Initial Delay in Image Generation with Flux Schnell on H100
Thank you very much for your incredible work @aredden!
I wanted to ask you about something I've noticed when using Flux Schnell with an H100. (when using compile_extras and compile_blocks) After running the three warmups of Flux Schnell, the first image I generate takes about 45 seconds to start the first iteration, but the subsequent images generate quickly. Is this normal? Is there any way to avoid this initial delay?
I appreciate your help in advance.
The slowdown is due to the torch.compile compilation, it should speed up after that, but the initial generation may take a while, and also may take a while for each new requested image shape. The initial slowdown is much more reasonable with torch nightly, or just torch > 2.4.x, since I believe they made it quite a bit faster, or at least it is faster on my machine. I barely notice compilation speed anymore, though I have a beefy computer so there is that.
Thanks so much for your reply!
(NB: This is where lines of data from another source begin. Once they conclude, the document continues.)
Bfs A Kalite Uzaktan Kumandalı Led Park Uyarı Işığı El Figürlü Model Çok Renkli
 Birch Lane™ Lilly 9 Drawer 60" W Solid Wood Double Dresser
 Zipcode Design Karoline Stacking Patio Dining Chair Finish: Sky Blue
I really appreciate it.
I have tested this slowdown on h100 and rtx4090. The slowdown is around 1 minute for just torch and for torch nightly its around 3-7 seconds
Yeah- so essentially using nightly is significantly better.
I'm still experiencing a slowdown with the initial compilation on a H100 with torch nightly builds (2.6.0.dev20240918+cu124) Based on the previous comments here ... that should not happen right. Any thoughts on why this can happen?
I think it depends. Sometimes compilation will be more costly than others depending on torch version. I think at the time, nightly was 2.5.0 or 2.5.1, I'm not sure. So, it could be that you may only need one of those two for fastest compile time.